Esse foi o meu primeiro contato com as expansões, uma prática que era bem comum em alguns títulos da época. Contudo, como o mundo está sempre mudando e se modernizando, as mídias digitais surgiram e, juntamente com elas, o conceito de DLC chegou ao mercado. Não é raro ver gamers frustrados com a política de DLC de algumas empresas, como a Eletronic Arts e a Paradox Interactive, por exemplo. Mas, afinal de contas, será que a substituição das expansões pelos DLCs foi tão ruim assim? E mais além: será que há alguma diferença entre esses dois termos? Gostando ou não, as práticas para capitalizar em cima de um título após o seu lançamento continuam vivas e são alvos de polêmica até hoje.
Definindo DLC, expansão e microtransação
Já vou começar essa seção deixando bem claro uma coisa: praticamente não há diferença entre DLC e expansão. Enquanto as expansões são simplesmente conteúdos adicionais que alteram a experiência original de um jogo, os DLCs também são conteúdos adicionais, mas disponibilizados via download. Além dessa praticidade para adquirir um conteúdo, não há nenhuma diferença significativa entre os dois termos. Um DLC sempre será uma expansão, mas nem toda expansão será um DLC.

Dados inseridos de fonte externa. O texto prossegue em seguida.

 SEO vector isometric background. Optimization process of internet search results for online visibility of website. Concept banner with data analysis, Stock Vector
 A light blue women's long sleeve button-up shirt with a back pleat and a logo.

Pegando o exemplo do The Sims, as expansões do primeiro jogo eram disponibilizadas em lojas e supermercados em versão física, o que não caracteriza um DLC. Os jogos mais novos da franquia, como o The Sims 4, já migraram para o modelo digital, onde suas expansões viraram DLCs.

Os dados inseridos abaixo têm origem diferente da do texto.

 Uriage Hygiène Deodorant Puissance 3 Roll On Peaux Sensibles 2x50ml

Há um imenso sentimento de que os DLCs oferecem uma quantidade menor de conteúdo e um preço mais caro quando comparados com as expansões. Porém, analisando as suas definições, essas reclamações não deveriam ser justificadas pela mudança do modelo de vendas do mercado. O fato de um conteúdo estar disponibilizado em modelos diferentes não deveria mudar a sua essência.

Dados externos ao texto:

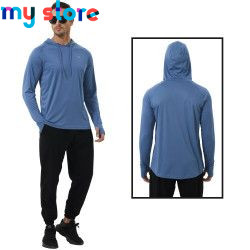 Men's UPF 50  Rash Guard Swim Shirt Athletic Hoodie Long Sleeve Fishing Hiking Workout Shirts Outdoor Hoodie Beach Summer Cloth 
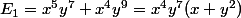 E_1=x^5y^7+x^4y^9=x^4y^7(x+y^2)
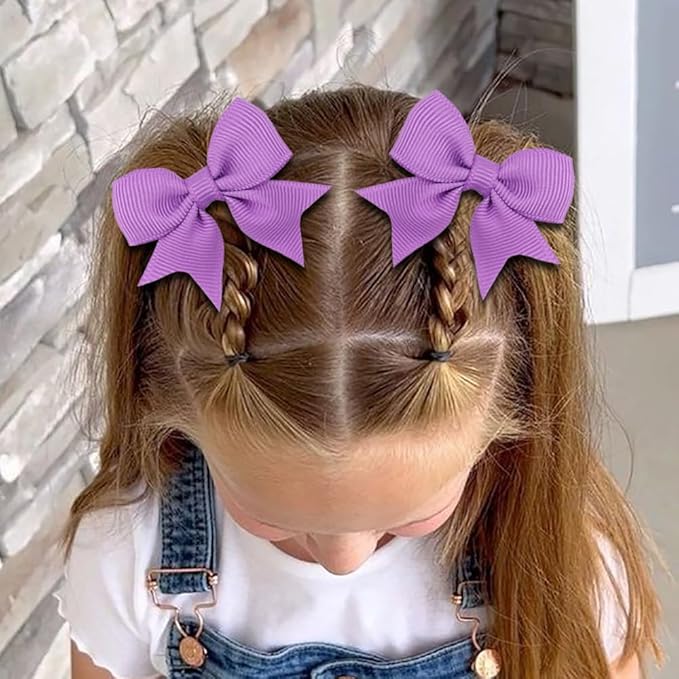 A set of two Cute Bow-shaped Elastic Hair Clips for Children. (yellow)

Após definir esses dois conceitos, há um outro termo que aparece bastante na indústria dos jogos e é bastante criticado: as microtransações. Diferentemente dos termos apresentados, as microtransações destoam dos conteúdos adicionais citados previamente: elas funcionam como um comércio interno nos jogos. Sim, essas definições se mesclam de tal forma que, muitas das vezes, é difícil diferenciá-las, já que elas podem estar presentes ao mesmo tempo em diferentes produtos. Para essa coluna, utilizarei o conceito de facilitadores para jogos quando tratar de microtransações e tratarei a palavra expansão como uma alusão às práticas antigas de distribuição de conteúdo adicional por meio de mídias físicas.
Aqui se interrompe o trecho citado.